One of the easiest projects we’ve done in the trailer is to replace our Dometic 300 toilet with the upgraded 310 version. 

The 300 is made of plastic while the 310 has a ceramic bowl, which my wife insists provides a more secure seating surface.  The 300 just dumps water in the bowl to wash out the waste while the 310 uses a “vortex flush pattern” to swirl the incoming water around to better clean the bowl. 

Best of all, the 300 has a cheap feeling plastic lid while the 310 boasts a nice solid wooden seat/lid of the slow-close variety.  Just give it a flick and it slowly and quietly closes on its own.  My wife loves that so much that she’s begged me not to put the toilet seat down so she can do it herself. 

Just kidding.

A number of lucky trailer owners had defective 300-series toilets that caused their bathrooms to smell worse than a Texas feedlot.  Under the Dometic warranty, they were able to upgrade to the 310 toilets for a mere $75.  We had to pay for ours, which we got on sale at Camping World for only twice that amount.

Installation was a one-beer breeze.  I just unbolted the old toilet and bolted on the new, adjusting the angle slightly to fit the space.  It’s now traveled thousands of miles with nary a problem.

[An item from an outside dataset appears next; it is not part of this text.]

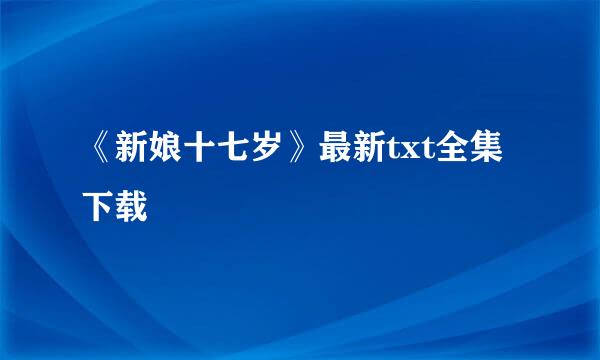 《新娘十七岁》最新txt全集下载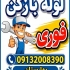 دستگاه لوله بازکنی و تخلیه چاه فنر زنی تعمیرات نشت یابی نصب پمپ و تانک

Of course, with the good comes the bad.  My wife liked the slow-close seats/lids so much, I got to play Mr. Plumber for a day, replacing every toilet seat at home with the slow-close versions.  That project, of course, warranted a few more beers.  

One of the big reasons we wanted to upgrade from our little A-frame folding trailer to a Micro Lite was so we would have an actual bathroom with a toilet and separate shower. Here are some of the improvements we’ve made to that shower.

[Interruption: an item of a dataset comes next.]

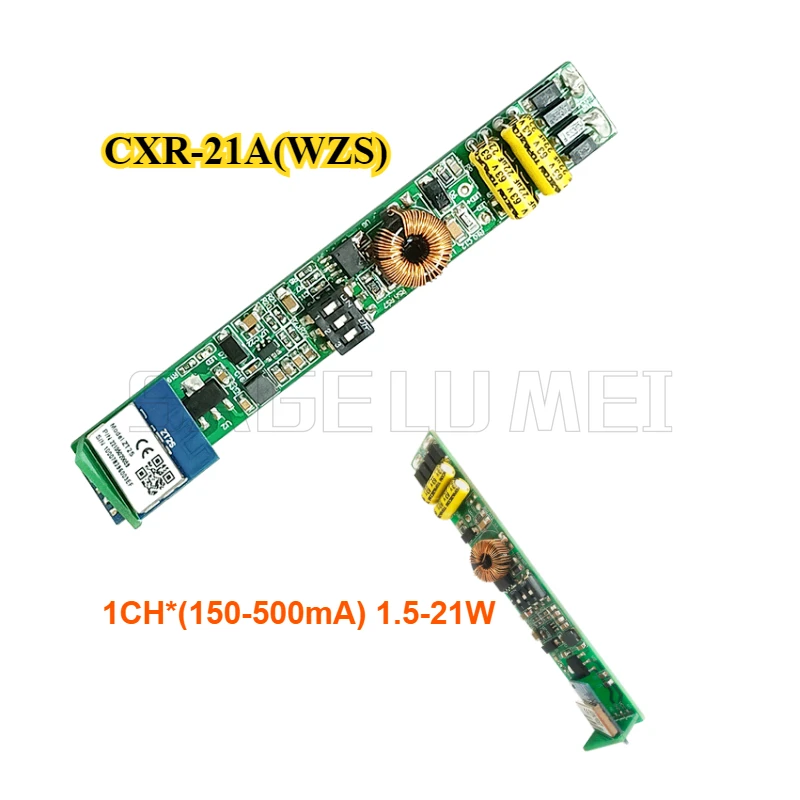 Драйвер света SAGE LU MEI CXR-21A/CXR-28A для магнитной линейной лампы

One of our first upgrades was to ditch the origial shower sprayer.

We replaced the stock spray head with an Oxygenics sprayer. We went cheap and installed the white standard model #26781, which cost about $40 from Amazon. It provides a much more pleasant spray and supposedly uses less water. Installation involves little more than unscrewing the old hose and screwing on the new.

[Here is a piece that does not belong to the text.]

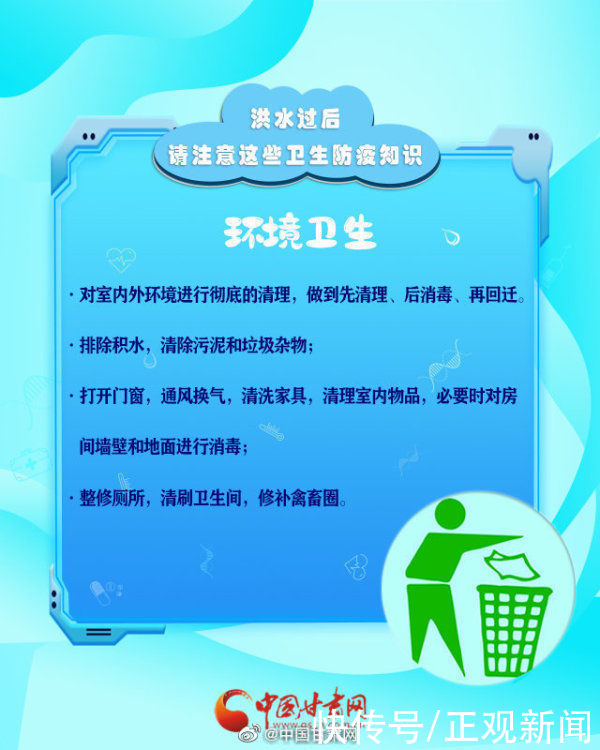 知识|不要光脚蹚水！这些防疫知识你得知道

If I had it to do over, I might opt for one of the more upscale Oxygenics sprayers, but this works fine.

The cheap plastic clip provided with the Oxygenics sprayer would not hold the shower head in the desired position, so we replaced it with a rotatable aluminum bracket, which cost about $10 from Amazon. With it, the shower head stays nicely in position.

The Oxygenics shower sprayer has an on/off push button for use when taking sailor showers. It’s designed to allow a minor flow when closed, supposedly so the water temperature stays constant. That’s not an issue when camping with full hookups, but when boonie camping, that constant dripping is wasted water doing nothing more than filling the gray water tank.

To cut down on water waste, we installed a KES chrome shutoff valve (about $11 from Amazon) on the shower line. Flip the lever to the left and no water flows through the pipe. Flip it all the way to the right and the flow is full. Anything in between moderates the flow to any desired pressure. We love this thing, and have never had an issue with water temperature not being constant.

After the first few camping trips in the new trailer, we found we were collecting hair in the shower drain.

To solve the problem, we picked up a package of cheap drain strainers, probably from the Dollar Store. We leave the plug in the drain while traveling. When we get to camp, the plug comes out and the strainer goes in. No more hair in the drain issues.

To provide a place to hang wet sox and dainties, the female half of the family wanted a retractable clothesline across the shower (about $15 from Amazon). It turns out this was pretty much a waste. Instead of pulling out the line, she has found it is more convenient to simply hang the wet items over the shower door.

Finally, we added some command hooks to the shower stall walls for hanging wash cloths, a back brush and a shower squeegee.